(The records begins)
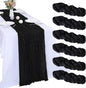 6 Pack Black Cheesecloth Table Runner 35 x 120 Inch | Boho Gauze Fabric by RestfulGlow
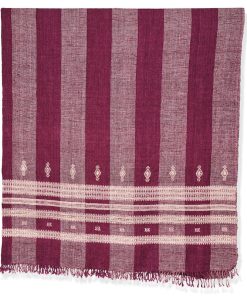 Patna Indian Bedcover in Fuschia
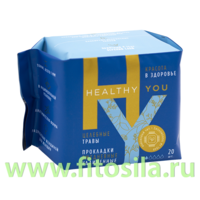 Прокладки женские гигиенические ежедневные удлиненные Healthy you, 20 шт
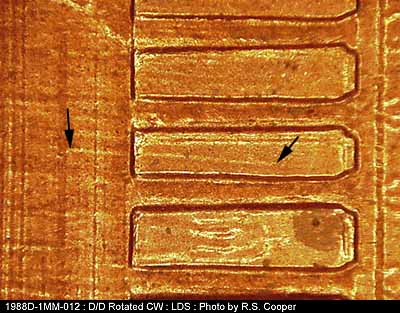 Die-stage C marker on 1988D•1MM•012 (1988 Repunched Mint Mark).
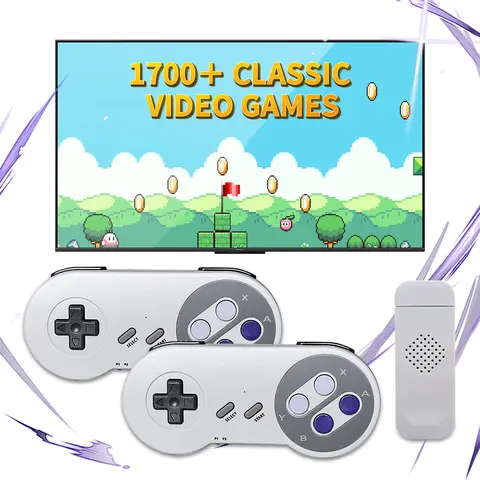 SF900 레트로 비디오 게임 콘솔 HD 게임 스틱, SNES 무선 컨트롤러 용 4900 게임 포함 NES 용 16 비트 Consolas De Videojuegos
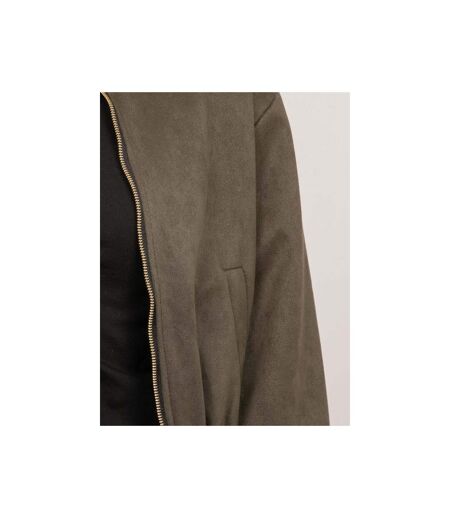 Blouson bomber suédine taille élastiquée USHA - Dona X Lisa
(The records ends)
### Exercise requirements
Each of the lines above should be transcribed exactly; no image is to be copied.

### Solution below
 6 Pack Black Cheesecloth Table Runner 35 x 120 Inch | Boho Gauze Fabric by RestfulGlow
 Patna Indian Bedcover in Fuschia
 Прокладки женские гигиенические ежедневные удлиненные Healthy you, 20 шт
 Die-stage C marker on 1988D•1MM•012 (1988 Repunched Mint Mark).
 SF900 레트로 비디오 게임 콘솔 HD 게임 스틱, SNES 무선 컨트롤러 용 4900 게임 포함 NES 용 16 비트 Consolas De Videojuegos
 Blouson bomber suédine taille élastiquée USHA - Dona X Lisa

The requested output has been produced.